*Activity:*
I need the lines from the one containing "#새해복많이받으세요🙇🏻‍♀️" through the last line of the entries retyped exactly, with no pictures among them.

*Given entries:*
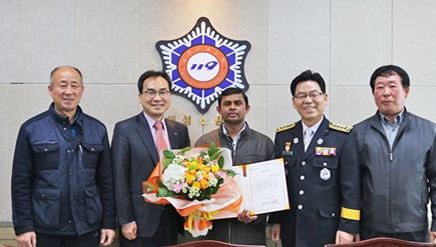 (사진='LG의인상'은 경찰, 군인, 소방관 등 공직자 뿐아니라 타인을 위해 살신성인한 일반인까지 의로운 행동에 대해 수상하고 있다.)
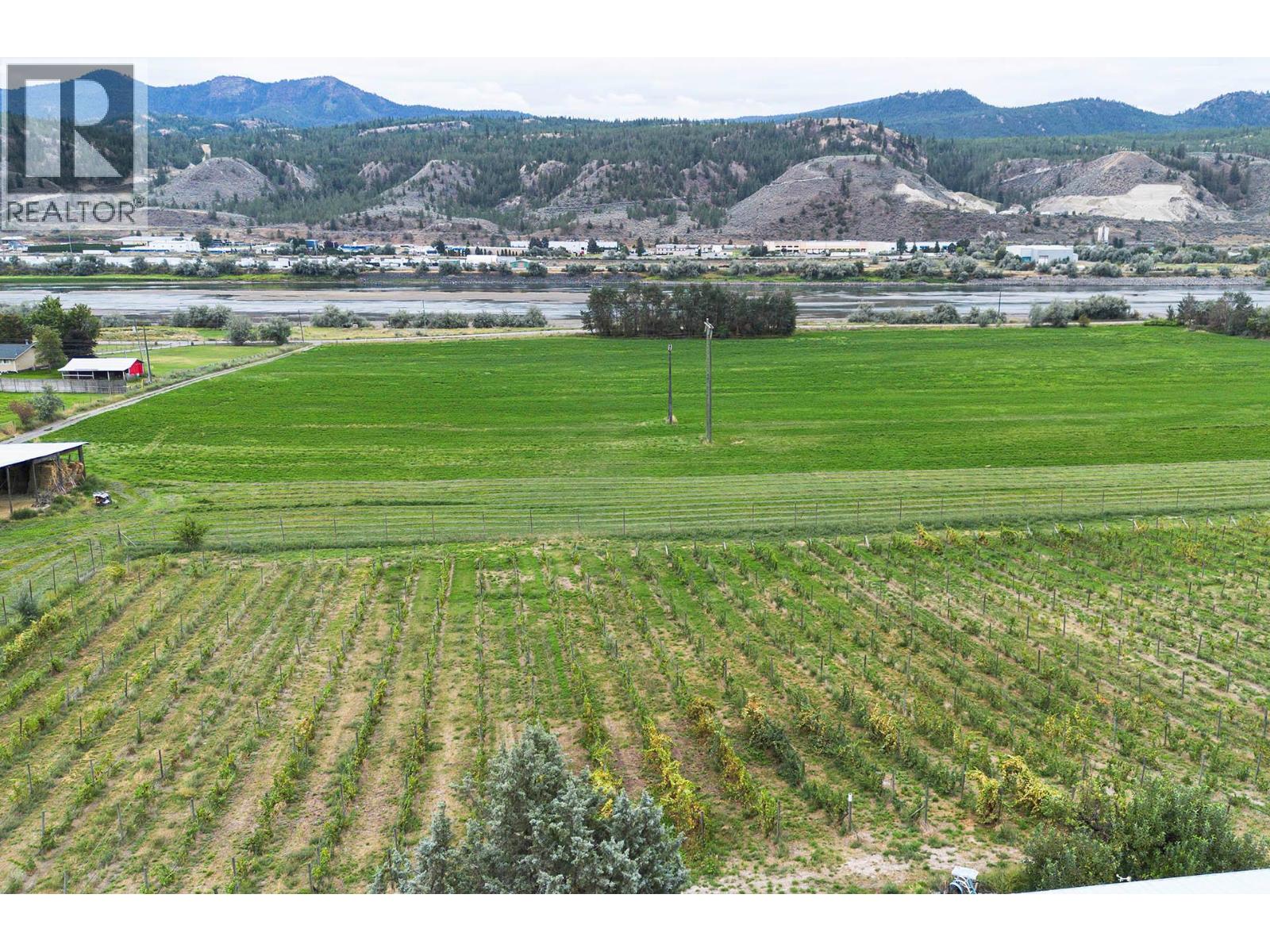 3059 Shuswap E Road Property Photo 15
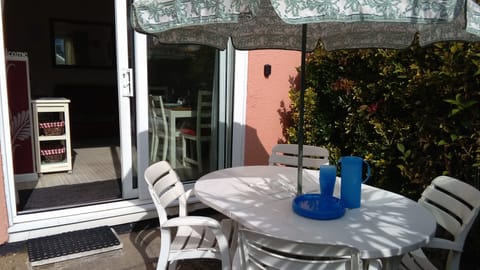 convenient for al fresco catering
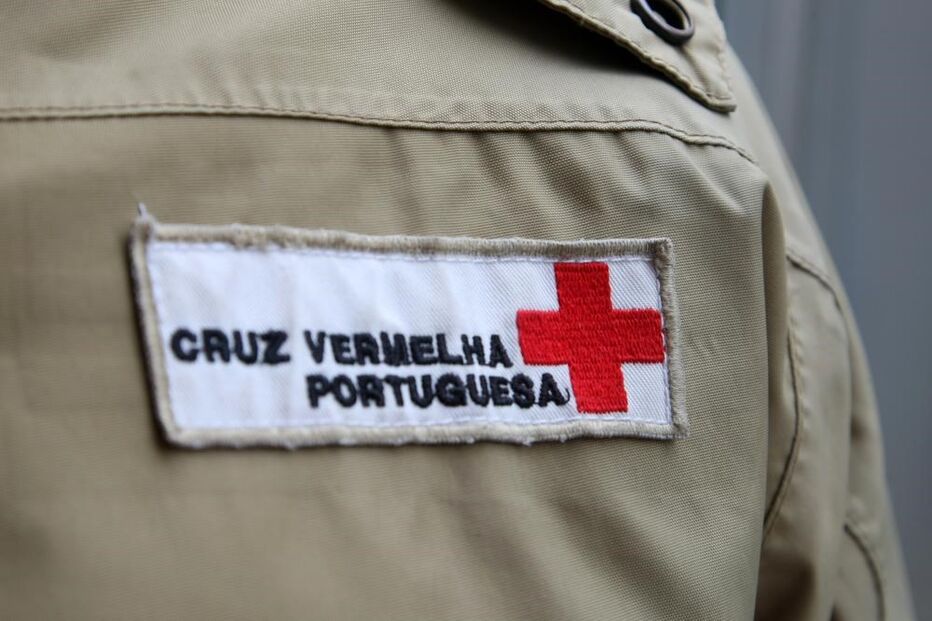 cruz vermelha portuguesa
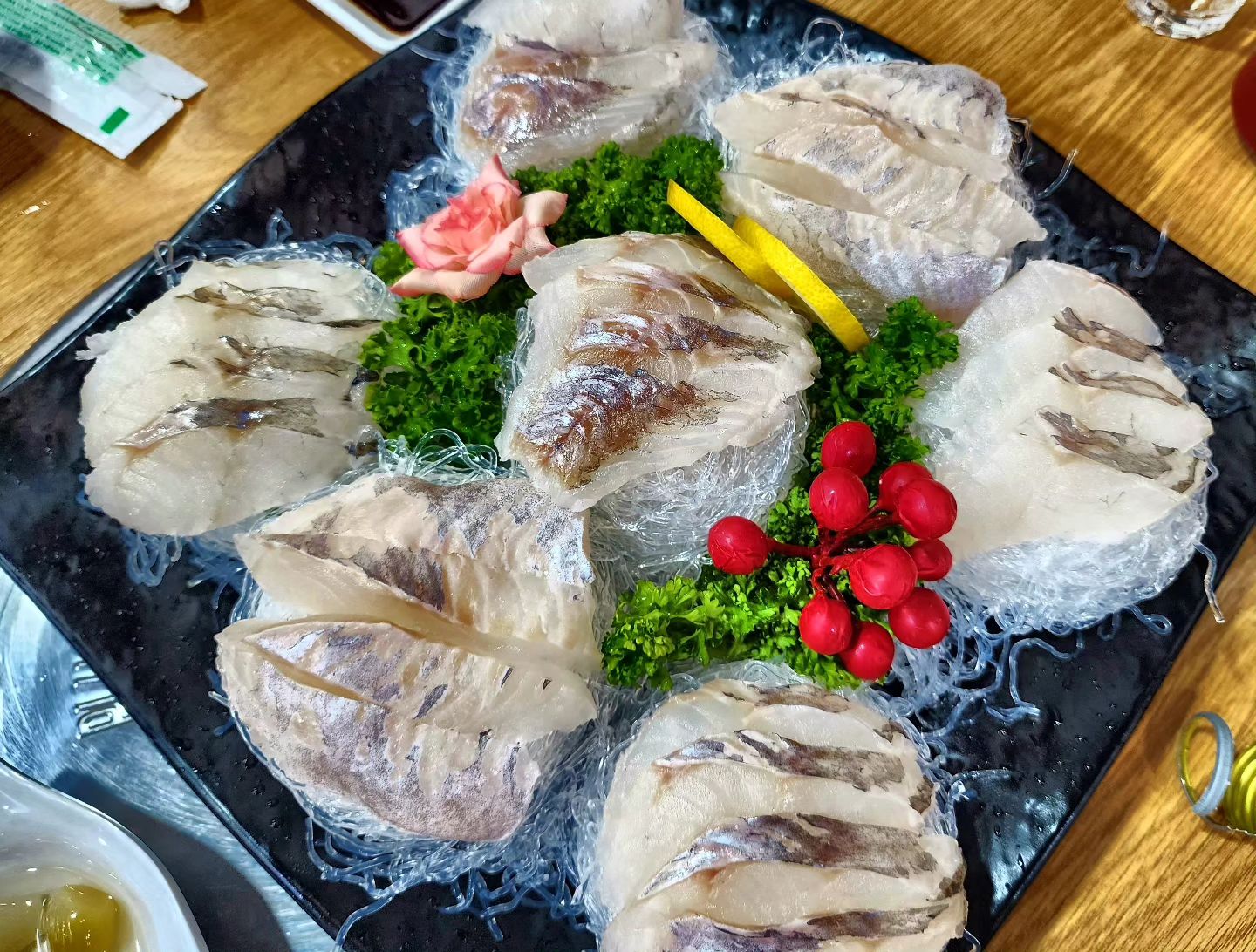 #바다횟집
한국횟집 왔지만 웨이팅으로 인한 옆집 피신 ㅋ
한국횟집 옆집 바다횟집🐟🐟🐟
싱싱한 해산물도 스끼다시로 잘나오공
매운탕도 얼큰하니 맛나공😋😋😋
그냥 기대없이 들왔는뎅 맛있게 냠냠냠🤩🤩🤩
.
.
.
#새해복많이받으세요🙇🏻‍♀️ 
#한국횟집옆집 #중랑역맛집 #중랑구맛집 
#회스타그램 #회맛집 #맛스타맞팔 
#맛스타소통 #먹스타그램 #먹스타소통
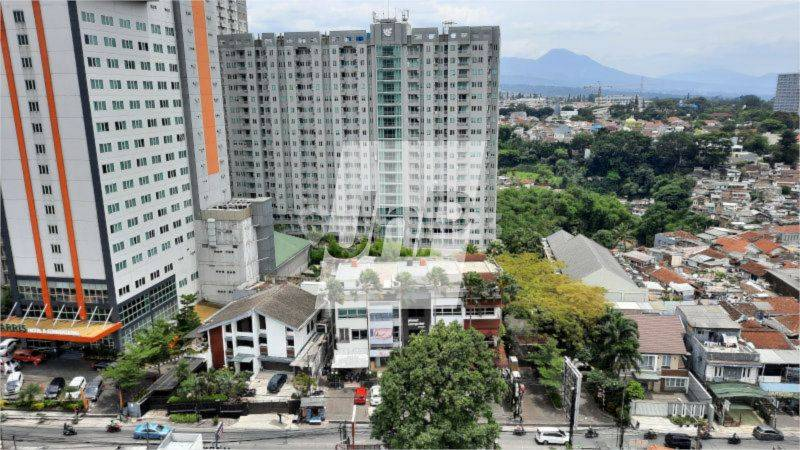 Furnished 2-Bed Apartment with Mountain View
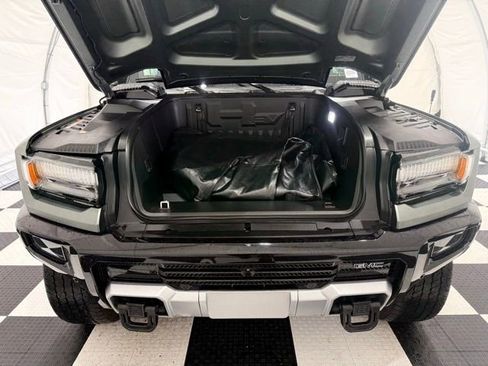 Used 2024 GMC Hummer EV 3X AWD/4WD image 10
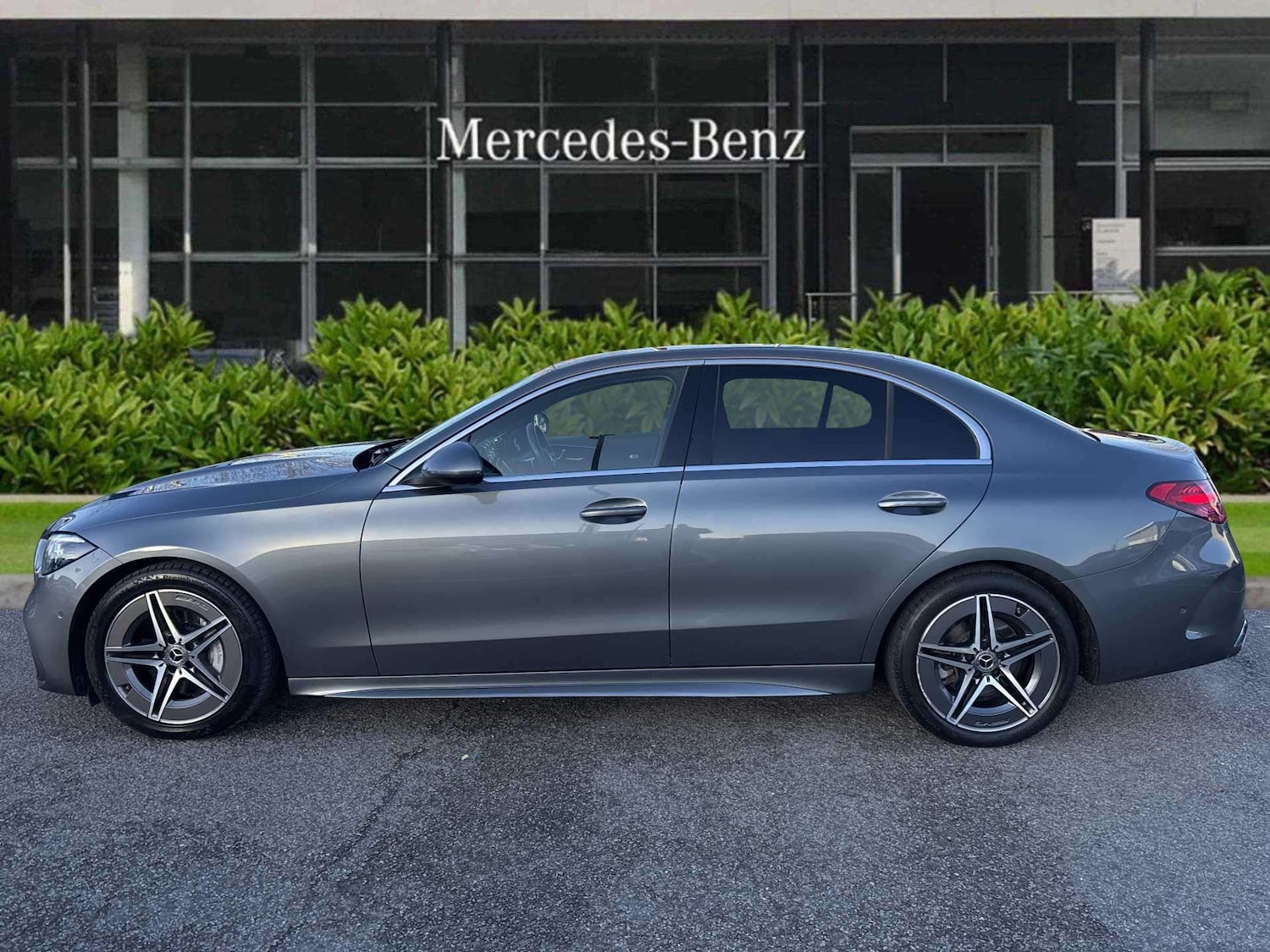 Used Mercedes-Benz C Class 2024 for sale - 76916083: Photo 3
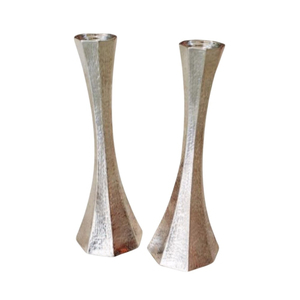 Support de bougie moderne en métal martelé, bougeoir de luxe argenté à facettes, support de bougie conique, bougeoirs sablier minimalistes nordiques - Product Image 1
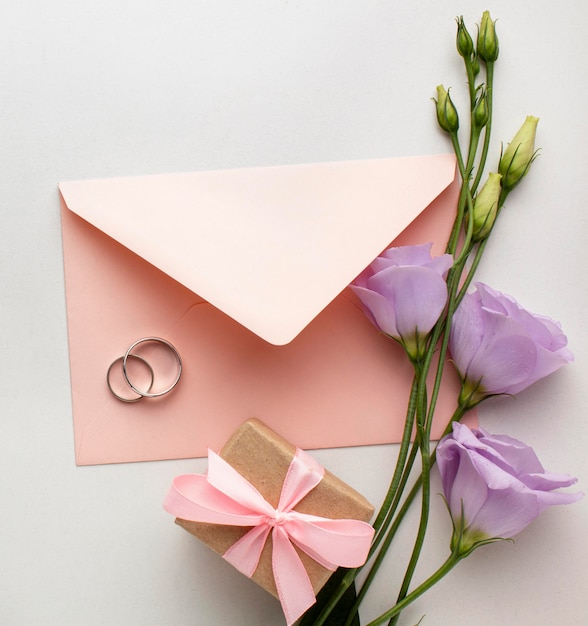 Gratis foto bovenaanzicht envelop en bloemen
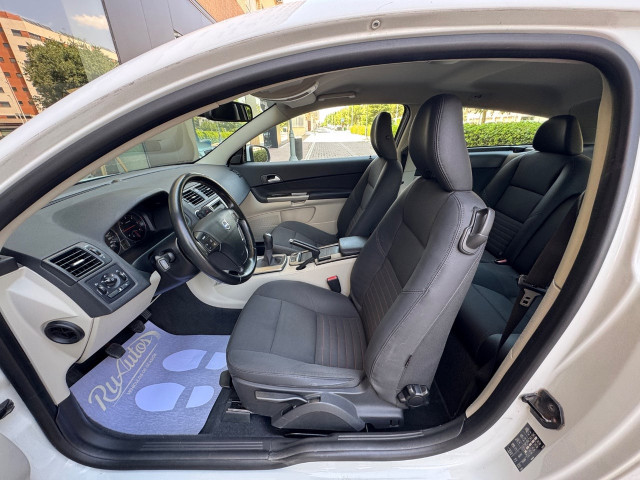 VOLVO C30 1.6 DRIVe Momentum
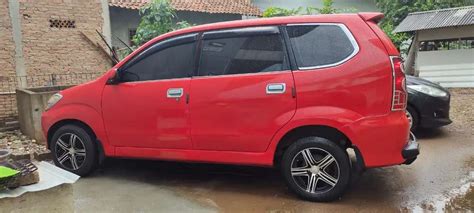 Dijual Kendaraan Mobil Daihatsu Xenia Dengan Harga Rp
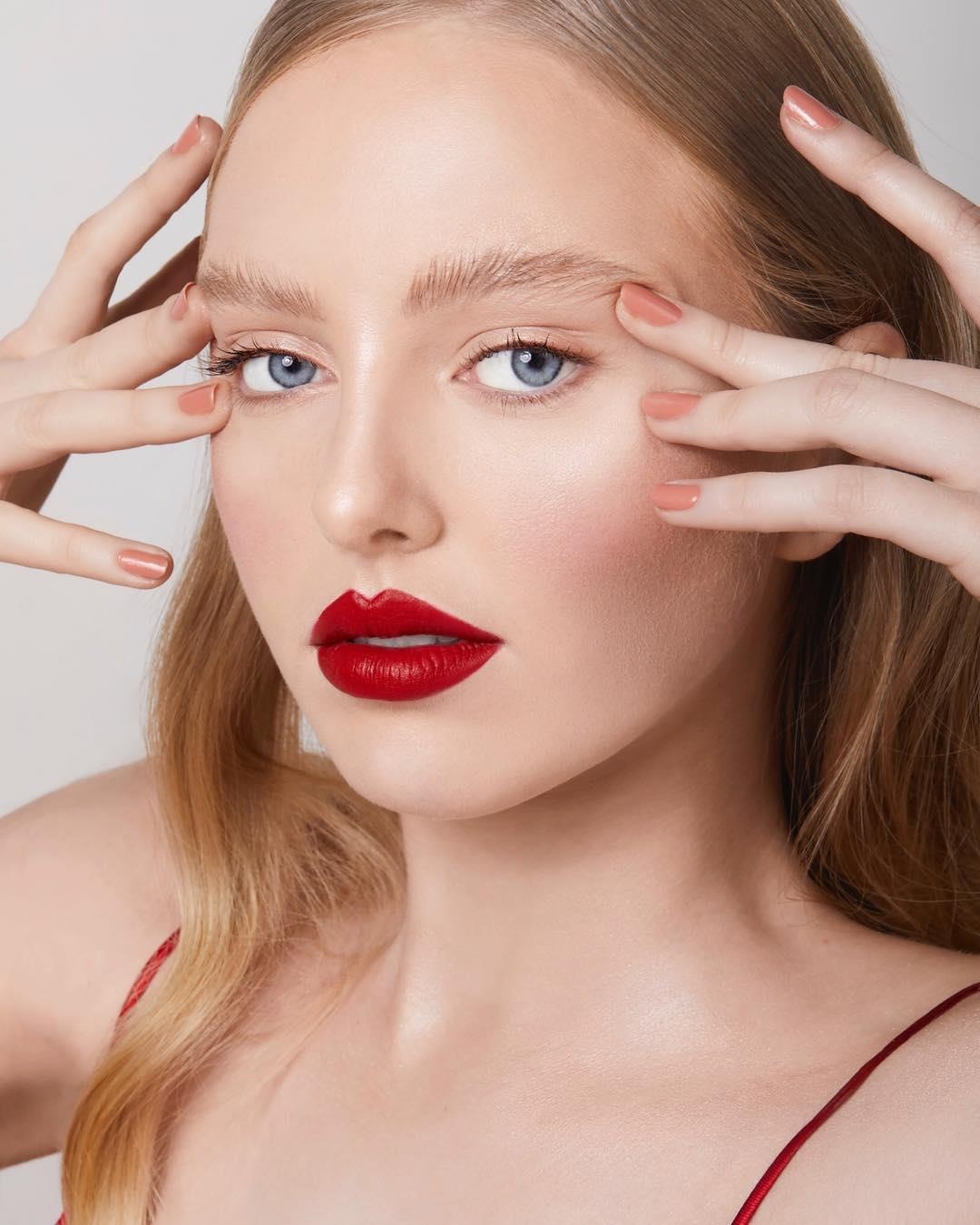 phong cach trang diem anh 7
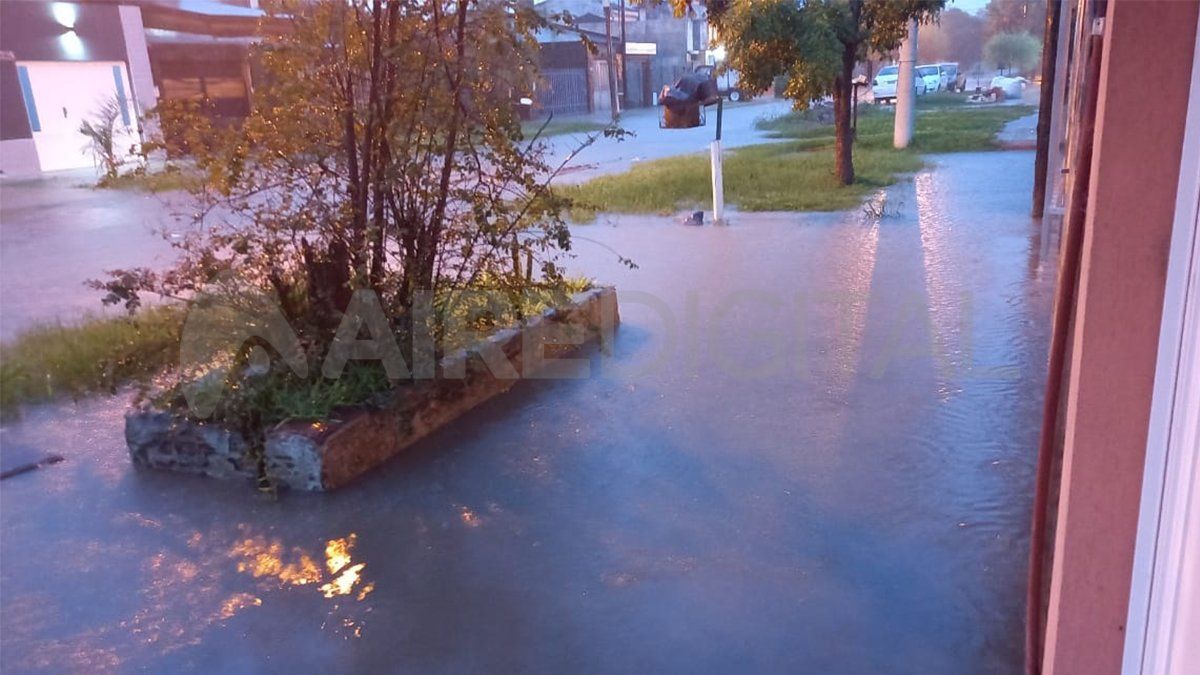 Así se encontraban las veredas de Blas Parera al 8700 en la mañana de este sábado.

*Completed task:*
#새해복많이받으세요🙇🏻‍♀️ 
#한국횟집옆집 #중랑역맛집 #중랑구맛집 
#회스타그램 #회맛집 #맛스타맞팔 
#맛스타소통 #먹스타그램 #먹스타소통
 Furnished 2-Bed Apartment with Mountain View
 Used 2024 GMC Hummer EV 3X AWD/4WD image 10
 Used Mercedes-Benz C Class 2024 for sale - 76916083: Photo 3
 Support de bougie moderne en métal martelé, bougeoir de luxe argenté à facettes, support de bougie conique, bougeoirs sablier minimalistes nordiques - Product Image 1
 Gratis foto bovenaanzicht envelop en bloemen
 VOLVO C30 1.6 DRIVe Momentum
 Dijual Kendaraan Mobil Daihatsu Xenia Dengan Harga Rp
 phong cach trang diem anh 7
 Así se encontraban las veredas de Blas Parera al 8700 en la mañana de este sábado.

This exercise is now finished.